■ **WHAT YOU WILL DO**
Check the entries below and say how many lines include the word "Print". No other text is wanted.

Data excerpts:
----------
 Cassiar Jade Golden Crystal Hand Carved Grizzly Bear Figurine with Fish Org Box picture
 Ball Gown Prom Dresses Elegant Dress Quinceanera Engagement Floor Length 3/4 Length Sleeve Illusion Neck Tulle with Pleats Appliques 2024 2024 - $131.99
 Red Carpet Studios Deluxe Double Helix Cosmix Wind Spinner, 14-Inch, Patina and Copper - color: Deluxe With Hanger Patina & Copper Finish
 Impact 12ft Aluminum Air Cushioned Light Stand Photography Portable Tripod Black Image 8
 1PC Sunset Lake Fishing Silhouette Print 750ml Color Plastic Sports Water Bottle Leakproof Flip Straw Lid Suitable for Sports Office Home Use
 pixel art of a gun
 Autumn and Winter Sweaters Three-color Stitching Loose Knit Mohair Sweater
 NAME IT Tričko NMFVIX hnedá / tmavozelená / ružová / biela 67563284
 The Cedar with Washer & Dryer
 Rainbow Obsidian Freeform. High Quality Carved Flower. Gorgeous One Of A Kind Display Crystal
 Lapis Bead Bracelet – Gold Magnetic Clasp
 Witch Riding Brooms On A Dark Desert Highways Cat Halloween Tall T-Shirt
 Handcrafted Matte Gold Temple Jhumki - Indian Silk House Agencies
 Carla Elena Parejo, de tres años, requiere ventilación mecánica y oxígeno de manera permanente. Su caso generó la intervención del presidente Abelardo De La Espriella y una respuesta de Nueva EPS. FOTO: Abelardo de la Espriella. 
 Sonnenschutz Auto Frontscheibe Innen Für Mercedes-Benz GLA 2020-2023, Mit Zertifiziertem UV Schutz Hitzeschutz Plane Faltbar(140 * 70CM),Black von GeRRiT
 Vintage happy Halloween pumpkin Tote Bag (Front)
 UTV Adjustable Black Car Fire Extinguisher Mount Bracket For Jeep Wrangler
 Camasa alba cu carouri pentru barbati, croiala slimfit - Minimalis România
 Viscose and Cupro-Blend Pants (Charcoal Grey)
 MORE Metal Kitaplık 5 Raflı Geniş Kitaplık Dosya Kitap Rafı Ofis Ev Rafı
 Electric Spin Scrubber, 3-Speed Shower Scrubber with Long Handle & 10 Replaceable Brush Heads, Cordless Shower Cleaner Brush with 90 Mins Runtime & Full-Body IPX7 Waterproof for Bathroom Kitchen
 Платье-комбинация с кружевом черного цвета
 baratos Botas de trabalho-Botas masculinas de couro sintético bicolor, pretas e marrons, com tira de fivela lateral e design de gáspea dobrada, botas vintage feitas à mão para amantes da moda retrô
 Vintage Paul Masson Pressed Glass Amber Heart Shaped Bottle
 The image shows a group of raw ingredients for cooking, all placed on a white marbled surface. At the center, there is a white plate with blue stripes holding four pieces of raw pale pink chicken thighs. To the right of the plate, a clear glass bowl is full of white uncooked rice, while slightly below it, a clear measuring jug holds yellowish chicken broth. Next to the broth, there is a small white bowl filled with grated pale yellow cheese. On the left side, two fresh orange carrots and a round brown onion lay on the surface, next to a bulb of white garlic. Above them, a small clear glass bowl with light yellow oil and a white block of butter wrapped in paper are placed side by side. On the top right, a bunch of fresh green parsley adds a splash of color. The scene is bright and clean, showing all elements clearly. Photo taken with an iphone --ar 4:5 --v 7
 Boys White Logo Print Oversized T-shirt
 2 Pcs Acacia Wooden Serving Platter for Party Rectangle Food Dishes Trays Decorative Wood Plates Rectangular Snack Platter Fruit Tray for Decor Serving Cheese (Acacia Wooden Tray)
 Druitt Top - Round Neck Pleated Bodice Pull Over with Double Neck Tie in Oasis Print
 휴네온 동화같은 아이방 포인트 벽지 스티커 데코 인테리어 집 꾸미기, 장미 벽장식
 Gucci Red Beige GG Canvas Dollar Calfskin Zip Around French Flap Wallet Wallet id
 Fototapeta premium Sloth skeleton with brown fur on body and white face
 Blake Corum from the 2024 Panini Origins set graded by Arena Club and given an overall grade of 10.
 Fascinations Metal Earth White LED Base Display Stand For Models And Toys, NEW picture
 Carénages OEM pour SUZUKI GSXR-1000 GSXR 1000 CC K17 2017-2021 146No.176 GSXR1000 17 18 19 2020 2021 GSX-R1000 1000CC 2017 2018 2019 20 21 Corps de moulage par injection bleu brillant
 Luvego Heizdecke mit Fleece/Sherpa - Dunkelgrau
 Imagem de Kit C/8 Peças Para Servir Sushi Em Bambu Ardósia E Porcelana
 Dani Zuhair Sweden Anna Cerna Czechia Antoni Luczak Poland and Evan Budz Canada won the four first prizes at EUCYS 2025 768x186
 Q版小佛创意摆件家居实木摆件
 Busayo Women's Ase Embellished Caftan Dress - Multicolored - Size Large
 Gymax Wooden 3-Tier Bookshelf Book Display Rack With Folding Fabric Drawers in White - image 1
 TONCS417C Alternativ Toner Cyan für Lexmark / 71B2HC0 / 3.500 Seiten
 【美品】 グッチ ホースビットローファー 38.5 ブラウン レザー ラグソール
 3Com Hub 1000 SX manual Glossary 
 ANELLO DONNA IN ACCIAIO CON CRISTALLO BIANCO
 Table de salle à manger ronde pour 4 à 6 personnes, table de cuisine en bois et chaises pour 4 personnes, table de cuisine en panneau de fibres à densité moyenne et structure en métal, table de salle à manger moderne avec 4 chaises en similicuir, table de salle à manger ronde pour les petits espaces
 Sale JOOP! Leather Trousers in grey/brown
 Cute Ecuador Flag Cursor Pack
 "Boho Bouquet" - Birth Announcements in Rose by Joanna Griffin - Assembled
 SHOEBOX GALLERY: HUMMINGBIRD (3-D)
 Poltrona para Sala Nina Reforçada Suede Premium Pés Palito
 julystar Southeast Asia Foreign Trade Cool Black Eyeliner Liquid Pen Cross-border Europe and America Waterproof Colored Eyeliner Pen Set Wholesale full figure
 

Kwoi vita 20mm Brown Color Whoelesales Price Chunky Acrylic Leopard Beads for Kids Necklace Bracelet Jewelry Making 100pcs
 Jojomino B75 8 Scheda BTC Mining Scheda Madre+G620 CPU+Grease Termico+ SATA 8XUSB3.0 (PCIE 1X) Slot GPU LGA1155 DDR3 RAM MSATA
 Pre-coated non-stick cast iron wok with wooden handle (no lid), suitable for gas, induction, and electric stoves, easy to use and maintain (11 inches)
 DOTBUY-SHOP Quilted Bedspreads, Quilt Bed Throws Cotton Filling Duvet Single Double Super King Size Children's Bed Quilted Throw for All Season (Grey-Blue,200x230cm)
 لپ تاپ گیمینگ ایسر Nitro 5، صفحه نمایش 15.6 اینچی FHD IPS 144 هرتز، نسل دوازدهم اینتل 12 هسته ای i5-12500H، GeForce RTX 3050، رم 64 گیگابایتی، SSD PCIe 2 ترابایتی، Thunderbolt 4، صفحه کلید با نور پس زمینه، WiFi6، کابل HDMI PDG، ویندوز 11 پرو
----------
■ **RESPONSE FOR THIS EXERCISE**
3